La sociología de la educación caracteriza por:
- ser una sociología especial. Es decir, es una de las ciencias sociológicas (como también la sociología de la familia, la sociología del trabajo, la sociología de la religión) que se ocupan de alguno de los aspectos concretos de lo social. En este sentido es una rama de la sociología general, coordinada con las otras sociologías especiales mencionadas.
- ser una ciencia de la educación, en tanto que tiene como objeto de estudio la educación. Esto no significa que sea una ciencia pedagógica, ni que pertenezca a la pedagogía, sino que es una ciencia sociológica que pertenece a la sociología. La sociología de la educación busca plantear el fenómeno educativo, explicarlo como hecho social que es. Explica el fenómeno educativo desde el punto de vista sociológico, no desde lo educativo o pedagógico
- ser una disciplina explicativa y descriptiva, esencialmente, frente a otras que pretenden o tienen por objetivo principal intervenir en el proceso educativo. Esta afirmación que opone a la sociología de la educación a las didácticas y psicología de la educación, no quita que la sociología de la educación posea un carácter provocador y crítico que provoque y oriente con sus resultados, cambios y transformaciones, no solo educativos, también sociales.
Han sido numerosos los aportes que desde la sociología se han desarrollado acerca de la educación. Tantos aportes que se podrían organizar por escuelas, tradiciones o corrientes para un mayor entendimiento del tema y de las diversas perspectivas dentro de una misma ciencia.
APORTE DE DURKHEIM
También conocida por algunos autores como la perspectiva del consenso o positivista, ha tenido una larga tradición dentro de los ámbitos académicos. Aquí particularmente se hará referencia a uno de los principales exponentes en Francia.
En su obra el filósofo Emile Durkheim (1858-1917) le da a la educación y al sistema educativo un lugar prioritario en relación con la sociedad. Junto a su producción escrita, su carrera docente combinó en varias ocasiones la educación y las ciencias sociales.
Lo anterior sucedió cuando obtuvo la cátedra de pedagogía y ciencias sociales de la Universidad de Burdeos (1896), o cuando fue nombrado profesor titular del curso de ciencia de la educación y sociología en la Universidad de la Sorbona (1902), donde “defendió la necesidad de recurrir a la sociología de la educación para sustentar tanto las teorías como las prácticas pedagógicas, pues toda educación es de naturaleza social”.
Su perspectiva sociológica prioriza a las estructuras sociales por encima del individuo, le concede especial importancia a la socialización y a los procesos reproductivos de las pautas socioculturales, dando gran valor a la coacción y coerción social sobre el individuo, siendo la moral el elemento que permea todo el proceso educativo.
Vale destacar principalmente que para Durkheim, la socialización es de suma importancia, porque opera como el proceso de integración de los individuos a la sociedad y la adquisición por parte de estos de las competencias necesarias.

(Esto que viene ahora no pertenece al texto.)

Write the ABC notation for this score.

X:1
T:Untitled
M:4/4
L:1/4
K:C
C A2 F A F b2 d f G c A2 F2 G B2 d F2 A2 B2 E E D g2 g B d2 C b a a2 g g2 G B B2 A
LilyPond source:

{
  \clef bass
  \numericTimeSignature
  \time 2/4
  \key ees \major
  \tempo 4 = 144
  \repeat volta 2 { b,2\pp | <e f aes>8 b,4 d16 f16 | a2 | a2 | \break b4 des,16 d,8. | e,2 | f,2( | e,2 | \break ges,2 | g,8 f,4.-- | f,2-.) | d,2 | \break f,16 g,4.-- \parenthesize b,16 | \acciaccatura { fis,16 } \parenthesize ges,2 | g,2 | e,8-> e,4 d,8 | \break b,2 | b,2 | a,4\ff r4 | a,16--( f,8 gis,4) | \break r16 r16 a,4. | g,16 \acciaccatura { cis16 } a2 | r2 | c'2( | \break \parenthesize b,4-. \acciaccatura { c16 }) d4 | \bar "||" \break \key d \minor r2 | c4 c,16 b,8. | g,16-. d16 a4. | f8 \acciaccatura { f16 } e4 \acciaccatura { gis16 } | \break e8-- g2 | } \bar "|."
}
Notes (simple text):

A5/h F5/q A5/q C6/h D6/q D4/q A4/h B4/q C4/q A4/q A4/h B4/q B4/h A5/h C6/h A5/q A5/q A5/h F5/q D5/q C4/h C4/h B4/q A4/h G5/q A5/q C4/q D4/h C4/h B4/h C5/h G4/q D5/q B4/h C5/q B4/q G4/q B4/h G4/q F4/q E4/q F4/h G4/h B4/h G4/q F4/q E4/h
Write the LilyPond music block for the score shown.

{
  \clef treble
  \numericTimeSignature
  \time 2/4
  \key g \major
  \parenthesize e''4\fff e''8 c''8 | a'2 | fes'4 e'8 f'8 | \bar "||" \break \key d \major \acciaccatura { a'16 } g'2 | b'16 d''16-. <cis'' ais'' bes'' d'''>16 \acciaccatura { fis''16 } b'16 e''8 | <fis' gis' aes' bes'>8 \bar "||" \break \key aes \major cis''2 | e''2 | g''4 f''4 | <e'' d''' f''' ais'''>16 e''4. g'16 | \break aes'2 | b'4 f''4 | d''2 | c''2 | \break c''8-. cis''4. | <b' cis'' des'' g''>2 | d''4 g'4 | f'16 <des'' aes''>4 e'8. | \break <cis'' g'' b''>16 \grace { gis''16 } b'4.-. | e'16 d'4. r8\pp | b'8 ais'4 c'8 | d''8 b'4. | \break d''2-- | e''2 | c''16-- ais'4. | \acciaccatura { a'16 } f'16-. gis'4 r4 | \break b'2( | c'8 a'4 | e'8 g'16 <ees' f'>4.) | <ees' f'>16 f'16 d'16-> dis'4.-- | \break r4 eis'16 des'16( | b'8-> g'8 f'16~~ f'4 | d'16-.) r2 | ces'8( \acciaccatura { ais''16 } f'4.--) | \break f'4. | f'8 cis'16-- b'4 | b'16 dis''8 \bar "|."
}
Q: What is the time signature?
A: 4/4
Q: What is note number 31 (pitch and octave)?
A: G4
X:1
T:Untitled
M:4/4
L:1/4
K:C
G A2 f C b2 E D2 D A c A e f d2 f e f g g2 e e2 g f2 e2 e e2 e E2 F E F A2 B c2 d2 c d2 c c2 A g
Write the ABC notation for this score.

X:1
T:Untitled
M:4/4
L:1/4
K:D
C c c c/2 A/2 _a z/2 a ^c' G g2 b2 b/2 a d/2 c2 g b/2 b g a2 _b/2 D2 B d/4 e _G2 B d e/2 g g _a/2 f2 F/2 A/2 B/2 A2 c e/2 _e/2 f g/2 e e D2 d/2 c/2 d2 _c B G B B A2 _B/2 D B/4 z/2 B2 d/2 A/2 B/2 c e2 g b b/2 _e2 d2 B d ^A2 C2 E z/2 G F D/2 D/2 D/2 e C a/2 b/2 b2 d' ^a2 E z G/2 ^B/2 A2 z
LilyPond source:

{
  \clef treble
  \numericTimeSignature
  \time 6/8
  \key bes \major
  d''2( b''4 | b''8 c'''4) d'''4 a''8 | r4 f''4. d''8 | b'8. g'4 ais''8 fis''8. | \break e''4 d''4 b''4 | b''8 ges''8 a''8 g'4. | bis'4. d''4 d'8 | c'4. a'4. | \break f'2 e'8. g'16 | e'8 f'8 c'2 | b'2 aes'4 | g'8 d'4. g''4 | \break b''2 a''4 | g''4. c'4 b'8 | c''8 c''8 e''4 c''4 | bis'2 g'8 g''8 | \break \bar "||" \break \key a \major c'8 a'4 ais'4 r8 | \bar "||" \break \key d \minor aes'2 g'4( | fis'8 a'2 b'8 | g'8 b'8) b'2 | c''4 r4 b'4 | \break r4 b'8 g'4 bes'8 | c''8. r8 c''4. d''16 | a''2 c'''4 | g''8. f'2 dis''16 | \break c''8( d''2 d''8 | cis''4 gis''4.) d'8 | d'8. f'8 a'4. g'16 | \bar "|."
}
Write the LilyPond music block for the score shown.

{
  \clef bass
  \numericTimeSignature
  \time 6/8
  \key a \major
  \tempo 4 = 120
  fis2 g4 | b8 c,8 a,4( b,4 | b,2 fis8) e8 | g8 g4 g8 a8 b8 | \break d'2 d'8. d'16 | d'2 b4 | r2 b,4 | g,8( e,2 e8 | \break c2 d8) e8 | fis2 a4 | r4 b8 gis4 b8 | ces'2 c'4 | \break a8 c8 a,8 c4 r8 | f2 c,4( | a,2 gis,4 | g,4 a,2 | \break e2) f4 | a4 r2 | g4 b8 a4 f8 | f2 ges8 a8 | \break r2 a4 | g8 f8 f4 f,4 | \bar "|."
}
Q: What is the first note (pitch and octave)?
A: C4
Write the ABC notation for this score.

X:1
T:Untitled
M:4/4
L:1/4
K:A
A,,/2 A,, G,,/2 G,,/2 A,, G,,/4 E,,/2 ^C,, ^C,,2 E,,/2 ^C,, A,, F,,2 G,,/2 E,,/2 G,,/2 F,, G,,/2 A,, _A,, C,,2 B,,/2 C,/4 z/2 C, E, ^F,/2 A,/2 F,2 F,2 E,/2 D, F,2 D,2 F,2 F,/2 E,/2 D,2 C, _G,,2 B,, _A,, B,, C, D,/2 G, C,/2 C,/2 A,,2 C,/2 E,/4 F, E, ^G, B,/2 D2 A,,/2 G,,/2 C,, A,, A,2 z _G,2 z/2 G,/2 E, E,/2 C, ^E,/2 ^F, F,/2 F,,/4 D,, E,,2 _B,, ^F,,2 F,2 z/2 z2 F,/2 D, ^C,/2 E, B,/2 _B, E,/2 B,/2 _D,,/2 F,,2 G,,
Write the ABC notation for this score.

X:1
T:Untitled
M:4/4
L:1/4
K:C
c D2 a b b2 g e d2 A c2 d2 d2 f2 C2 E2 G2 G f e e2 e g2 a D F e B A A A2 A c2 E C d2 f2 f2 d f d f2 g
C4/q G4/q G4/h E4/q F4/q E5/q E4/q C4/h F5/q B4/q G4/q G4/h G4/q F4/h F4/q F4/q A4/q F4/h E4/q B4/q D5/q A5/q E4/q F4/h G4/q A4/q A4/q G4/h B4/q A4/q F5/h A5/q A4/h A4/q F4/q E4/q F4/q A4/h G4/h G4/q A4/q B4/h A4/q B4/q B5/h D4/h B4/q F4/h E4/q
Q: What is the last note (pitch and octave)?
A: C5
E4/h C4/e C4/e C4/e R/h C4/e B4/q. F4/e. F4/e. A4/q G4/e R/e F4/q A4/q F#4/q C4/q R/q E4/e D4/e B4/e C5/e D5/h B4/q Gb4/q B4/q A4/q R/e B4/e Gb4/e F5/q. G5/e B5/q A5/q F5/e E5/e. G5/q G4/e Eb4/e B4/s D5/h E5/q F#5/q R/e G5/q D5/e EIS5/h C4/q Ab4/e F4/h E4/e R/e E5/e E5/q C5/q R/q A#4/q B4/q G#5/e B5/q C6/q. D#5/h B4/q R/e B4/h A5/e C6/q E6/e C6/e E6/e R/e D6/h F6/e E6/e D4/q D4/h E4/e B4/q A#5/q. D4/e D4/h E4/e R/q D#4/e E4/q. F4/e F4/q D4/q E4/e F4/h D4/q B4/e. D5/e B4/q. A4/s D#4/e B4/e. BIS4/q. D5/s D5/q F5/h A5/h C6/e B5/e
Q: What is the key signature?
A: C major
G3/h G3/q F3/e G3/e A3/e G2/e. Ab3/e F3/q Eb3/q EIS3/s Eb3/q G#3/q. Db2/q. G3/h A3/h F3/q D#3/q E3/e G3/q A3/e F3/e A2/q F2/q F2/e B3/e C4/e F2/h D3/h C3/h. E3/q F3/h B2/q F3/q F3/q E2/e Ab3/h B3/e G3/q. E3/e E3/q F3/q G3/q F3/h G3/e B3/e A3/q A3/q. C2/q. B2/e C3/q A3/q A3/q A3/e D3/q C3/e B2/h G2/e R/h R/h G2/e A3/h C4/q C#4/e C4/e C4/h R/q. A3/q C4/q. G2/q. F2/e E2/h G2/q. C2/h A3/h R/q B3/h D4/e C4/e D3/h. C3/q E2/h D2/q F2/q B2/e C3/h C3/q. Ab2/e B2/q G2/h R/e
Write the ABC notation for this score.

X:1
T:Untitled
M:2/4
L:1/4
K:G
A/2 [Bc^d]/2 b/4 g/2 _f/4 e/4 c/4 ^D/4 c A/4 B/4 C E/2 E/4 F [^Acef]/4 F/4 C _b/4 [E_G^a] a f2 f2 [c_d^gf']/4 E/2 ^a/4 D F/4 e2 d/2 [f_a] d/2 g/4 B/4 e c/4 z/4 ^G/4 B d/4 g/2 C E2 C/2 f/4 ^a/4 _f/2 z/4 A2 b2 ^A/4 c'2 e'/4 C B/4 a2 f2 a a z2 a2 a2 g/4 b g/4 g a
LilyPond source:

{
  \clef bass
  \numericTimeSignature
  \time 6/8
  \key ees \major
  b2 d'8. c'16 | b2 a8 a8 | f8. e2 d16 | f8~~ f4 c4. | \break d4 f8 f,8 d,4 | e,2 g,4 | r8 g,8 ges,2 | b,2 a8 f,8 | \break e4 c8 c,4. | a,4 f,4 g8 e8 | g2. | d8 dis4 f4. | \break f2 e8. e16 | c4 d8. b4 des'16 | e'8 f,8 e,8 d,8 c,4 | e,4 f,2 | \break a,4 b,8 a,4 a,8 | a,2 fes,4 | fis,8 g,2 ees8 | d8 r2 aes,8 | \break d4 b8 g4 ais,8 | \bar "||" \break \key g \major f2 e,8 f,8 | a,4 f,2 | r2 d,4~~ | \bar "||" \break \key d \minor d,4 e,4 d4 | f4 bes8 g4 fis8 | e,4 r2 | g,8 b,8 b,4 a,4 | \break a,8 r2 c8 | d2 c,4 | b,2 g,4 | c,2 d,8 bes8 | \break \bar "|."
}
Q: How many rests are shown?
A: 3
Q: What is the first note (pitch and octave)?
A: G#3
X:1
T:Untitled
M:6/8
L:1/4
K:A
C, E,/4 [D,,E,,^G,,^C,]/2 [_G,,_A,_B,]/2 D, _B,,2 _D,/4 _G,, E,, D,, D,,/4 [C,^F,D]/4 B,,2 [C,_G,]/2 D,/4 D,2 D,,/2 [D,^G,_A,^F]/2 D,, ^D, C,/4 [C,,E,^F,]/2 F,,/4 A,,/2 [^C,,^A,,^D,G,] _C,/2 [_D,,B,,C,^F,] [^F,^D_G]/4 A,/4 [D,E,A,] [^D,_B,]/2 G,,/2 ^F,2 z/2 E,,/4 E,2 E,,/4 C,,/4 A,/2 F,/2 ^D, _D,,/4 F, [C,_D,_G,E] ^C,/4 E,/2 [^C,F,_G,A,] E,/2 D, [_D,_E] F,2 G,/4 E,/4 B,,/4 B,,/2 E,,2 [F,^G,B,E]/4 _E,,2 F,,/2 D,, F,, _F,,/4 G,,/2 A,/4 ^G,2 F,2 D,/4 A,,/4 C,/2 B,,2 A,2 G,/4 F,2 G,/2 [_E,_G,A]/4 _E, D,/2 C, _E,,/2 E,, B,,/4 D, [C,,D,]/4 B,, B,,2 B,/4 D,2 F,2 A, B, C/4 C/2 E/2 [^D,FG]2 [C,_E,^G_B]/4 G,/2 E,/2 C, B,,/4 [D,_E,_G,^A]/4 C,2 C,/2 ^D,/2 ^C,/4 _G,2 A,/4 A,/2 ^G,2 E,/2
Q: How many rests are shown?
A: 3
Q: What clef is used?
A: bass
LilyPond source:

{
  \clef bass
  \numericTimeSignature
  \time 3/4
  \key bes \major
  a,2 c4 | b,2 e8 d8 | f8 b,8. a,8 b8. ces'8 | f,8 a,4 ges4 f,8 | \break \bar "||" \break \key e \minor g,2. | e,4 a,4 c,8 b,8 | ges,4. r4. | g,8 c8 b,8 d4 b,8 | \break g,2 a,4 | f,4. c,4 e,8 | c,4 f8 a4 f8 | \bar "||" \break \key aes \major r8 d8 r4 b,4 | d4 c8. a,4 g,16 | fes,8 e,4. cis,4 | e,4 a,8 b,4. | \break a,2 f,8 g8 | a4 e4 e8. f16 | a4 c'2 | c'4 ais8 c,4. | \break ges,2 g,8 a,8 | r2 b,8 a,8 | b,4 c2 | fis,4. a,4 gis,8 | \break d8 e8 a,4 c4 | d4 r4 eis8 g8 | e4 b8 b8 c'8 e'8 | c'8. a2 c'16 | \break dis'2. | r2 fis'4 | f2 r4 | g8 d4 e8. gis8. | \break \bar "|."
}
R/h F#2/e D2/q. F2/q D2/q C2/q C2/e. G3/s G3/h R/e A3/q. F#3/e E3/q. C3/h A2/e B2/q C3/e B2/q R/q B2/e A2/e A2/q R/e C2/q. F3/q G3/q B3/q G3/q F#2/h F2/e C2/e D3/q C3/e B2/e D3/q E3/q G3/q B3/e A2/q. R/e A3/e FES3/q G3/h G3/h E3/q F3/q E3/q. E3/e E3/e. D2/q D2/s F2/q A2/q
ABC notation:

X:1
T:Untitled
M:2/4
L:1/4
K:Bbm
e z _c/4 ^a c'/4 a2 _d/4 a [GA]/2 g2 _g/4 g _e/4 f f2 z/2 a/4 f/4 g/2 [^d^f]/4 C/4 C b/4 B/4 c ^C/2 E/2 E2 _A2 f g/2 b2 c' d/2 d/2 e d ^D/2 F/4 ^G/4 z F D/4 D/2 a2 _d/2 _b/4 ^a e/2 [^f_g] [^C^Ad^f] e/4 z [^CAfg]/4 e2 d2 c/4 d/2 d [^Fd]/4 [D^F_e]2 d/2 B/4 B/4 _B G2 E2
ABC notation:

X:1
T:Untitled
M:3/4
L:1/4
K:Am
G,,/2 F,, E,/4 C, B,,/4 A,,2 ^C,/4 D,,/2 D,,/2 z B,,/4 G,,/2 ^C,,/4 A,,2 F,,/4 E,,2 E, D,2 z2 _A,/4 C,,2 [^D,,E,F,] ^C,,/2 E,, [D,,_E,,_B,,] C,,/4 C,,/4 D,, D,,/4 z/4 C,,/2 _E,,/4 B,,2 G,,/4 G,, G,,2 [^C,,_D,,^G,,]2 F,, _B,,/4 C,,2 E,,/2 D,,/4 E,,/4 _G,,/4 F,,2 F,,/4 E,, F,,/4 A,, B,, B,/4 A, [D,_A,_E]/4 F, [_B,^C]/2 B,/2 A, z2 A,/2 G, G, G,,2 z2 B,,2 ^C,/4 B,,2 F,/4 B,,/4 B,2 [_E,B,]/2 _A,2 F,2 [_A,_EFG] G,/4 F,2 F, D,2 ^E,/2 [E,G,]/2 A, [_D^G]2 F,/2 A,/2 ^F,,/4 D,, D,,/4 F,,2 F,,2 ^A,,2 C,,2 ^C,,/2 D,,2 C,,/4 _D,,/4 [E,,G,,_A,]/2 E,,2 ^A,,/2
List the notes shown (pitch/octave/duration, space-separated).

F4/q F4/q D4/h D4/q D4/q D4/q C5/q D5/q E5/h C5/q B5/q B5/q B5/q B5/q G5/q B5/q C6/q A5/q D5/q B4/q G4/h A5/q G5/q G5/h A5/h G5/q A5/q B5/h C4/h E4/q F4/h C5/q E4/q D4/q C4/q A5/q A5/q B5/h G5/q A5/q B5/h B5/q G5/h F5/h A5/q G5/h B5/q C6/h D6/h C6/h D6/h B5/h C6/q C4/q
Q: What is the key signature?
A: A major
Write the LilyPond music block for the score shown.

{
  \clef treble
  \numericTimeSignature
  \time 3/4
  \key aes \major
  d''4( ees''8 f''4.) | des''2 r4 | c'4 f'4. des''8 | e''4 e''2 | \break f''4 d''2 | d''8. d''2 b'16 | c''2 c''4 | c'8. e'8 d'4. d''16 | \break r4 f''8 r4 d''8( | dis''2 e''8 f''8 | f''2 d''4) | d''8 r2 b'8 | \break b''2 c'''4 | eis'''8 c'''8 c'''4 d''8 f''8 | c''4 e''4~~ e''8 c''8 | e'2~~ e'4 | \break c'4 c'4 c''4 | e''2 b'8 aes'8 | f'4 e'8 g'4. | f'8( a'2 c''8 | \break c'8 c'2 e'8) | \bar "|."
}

El resultado final, es la dotación de un cierto modelo de individuo para una determinada sociedad en un espacio y tiempo definido.
Otros de los conceptos claves para entender la obra durkheniana son “acción general”, “acción colectiva”, “solidaridad mecánica”, “solidaridad orgánica” y “hecho social”, pero debido a la amplitud de estos, no es posible desarrollarlos ampliamente.
Ahora bien, dentro de su obra se destacan ciertos estudios referentes a la educación como Educación y Sociología (1922/2009) donde analiza la educación desde los sistemas educativos que existieron y existen en cada sociedad, donde el sistema es único y múltiple a la vez, es decir, a todos los miembros de la sociedad le da ciertas pautas de uniformidad, pero también la educación varía según clases sociales, lugar de residencia, época, etc.
Una constante en su obra sobre educación, es la defensa del carácter social de la educación ante quienes privilegiaban su carácter individualista y psicológico, debido a que para el autor, la educación y el sistema educativo responden a necesidades eminentemente sociales. Además, dentro del sistema educativo reconoce el importante papel del Estado en establecer fines de índole social y el poder de la educación para tratar de alcanzarlos.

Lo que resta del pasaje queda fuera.